◆ EXERCISE INSTRUCTIONS ◆
Repeat exactly the lines that begin at the one containing "Fit Versa Car" and end at the final line of the records; include no pictures and nothing else.

--- --- ---

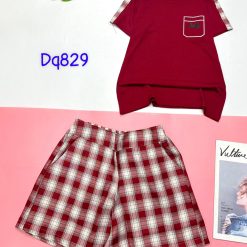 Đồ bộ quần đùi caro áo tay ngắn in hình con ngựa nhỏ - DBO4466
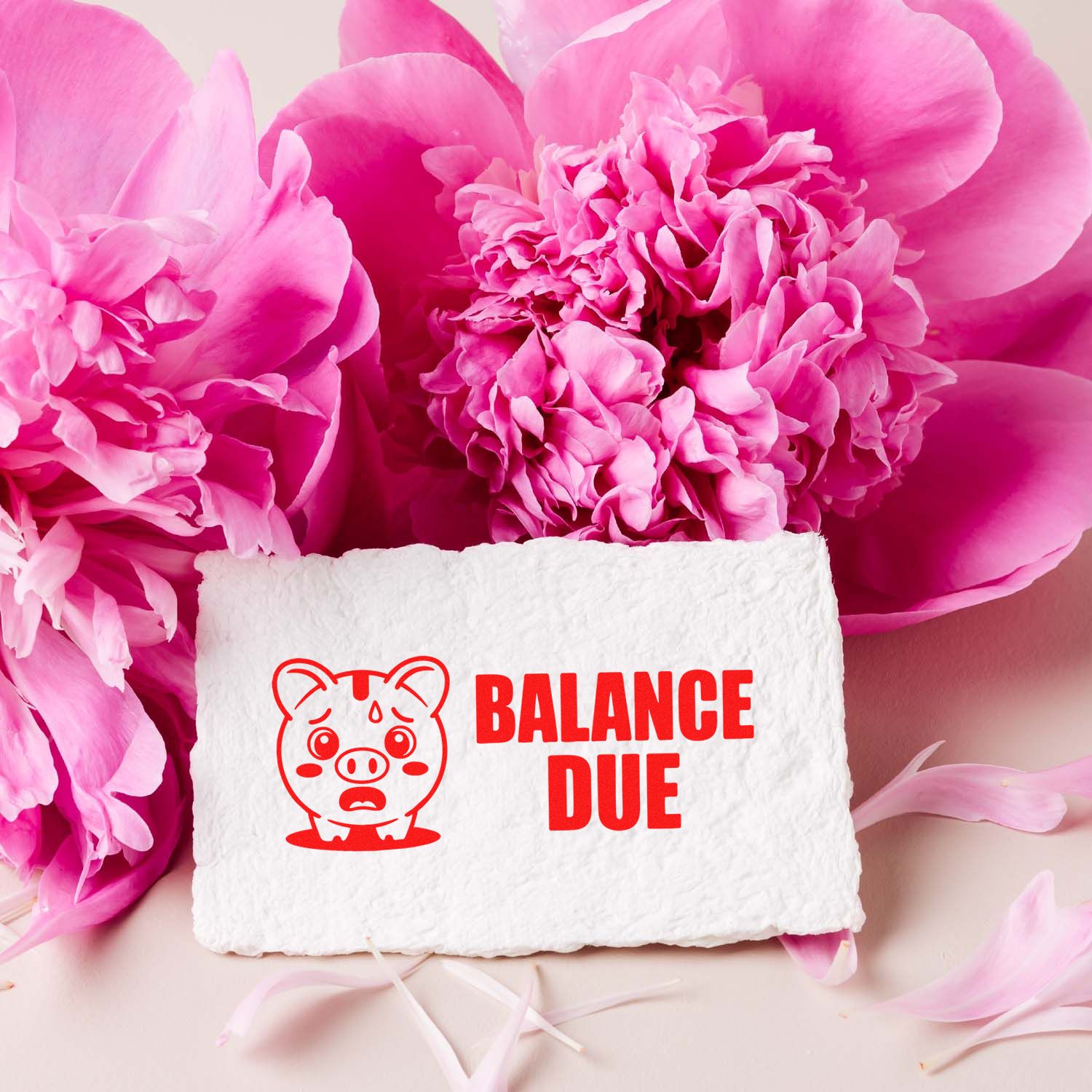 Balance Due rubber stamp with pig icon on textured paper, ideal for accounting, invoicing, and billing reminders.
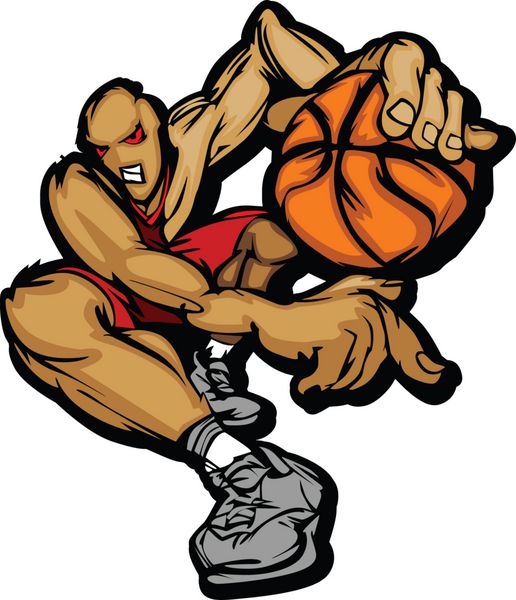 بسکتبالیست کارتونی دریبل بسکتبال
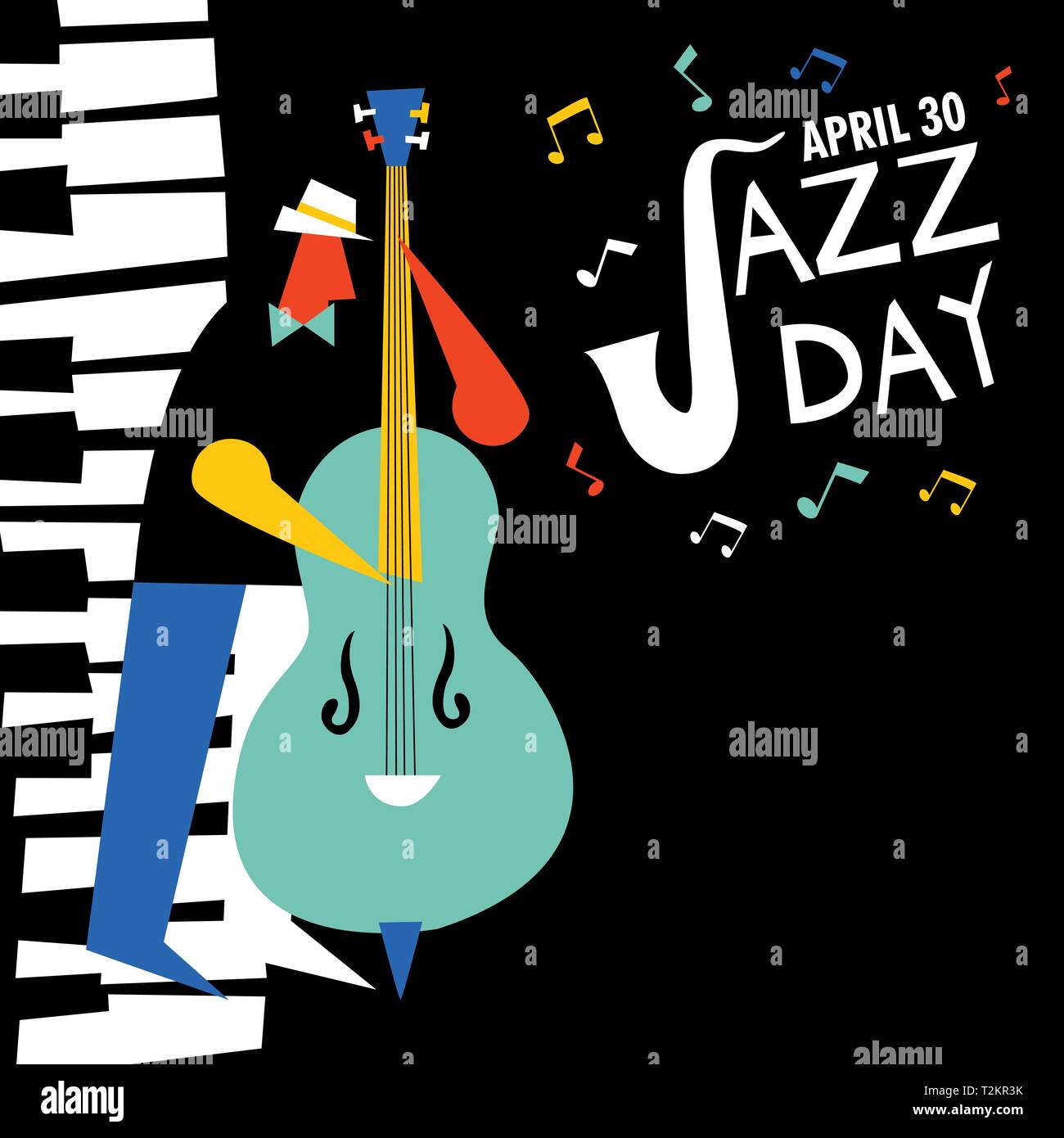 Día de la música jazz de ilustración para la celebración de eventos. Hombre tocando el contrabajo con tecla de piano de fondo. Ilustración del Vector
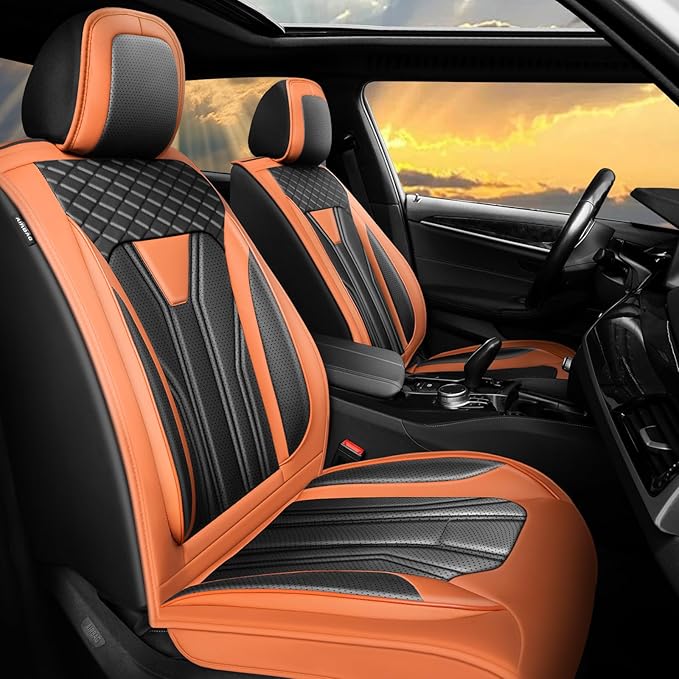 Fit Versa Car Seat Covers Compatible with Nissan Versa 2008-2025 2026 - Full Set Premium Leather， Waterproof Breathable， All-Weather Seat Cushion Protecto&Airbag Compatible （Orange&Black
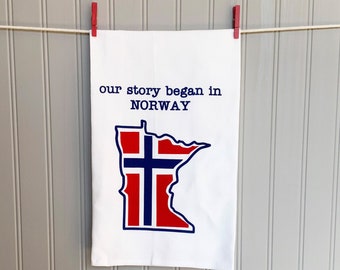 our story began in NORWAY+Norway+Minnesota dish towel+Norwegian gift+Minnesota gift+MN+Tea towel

--- --- ---

◆ SOLUTION ◆
 Fit Versa Car Seat Covers Compatible with Nissan Versa 2008-2025 2026 - Full Set Premium Leather， Waterproof Breathable， All-Weather Seat Cushion Protecto&Airbag Compatible （Orange&Black
 our story began in NORWAY+Norway+Minnesota dish towel+Norwegian gift+Minnesota gift+MN+Tea towel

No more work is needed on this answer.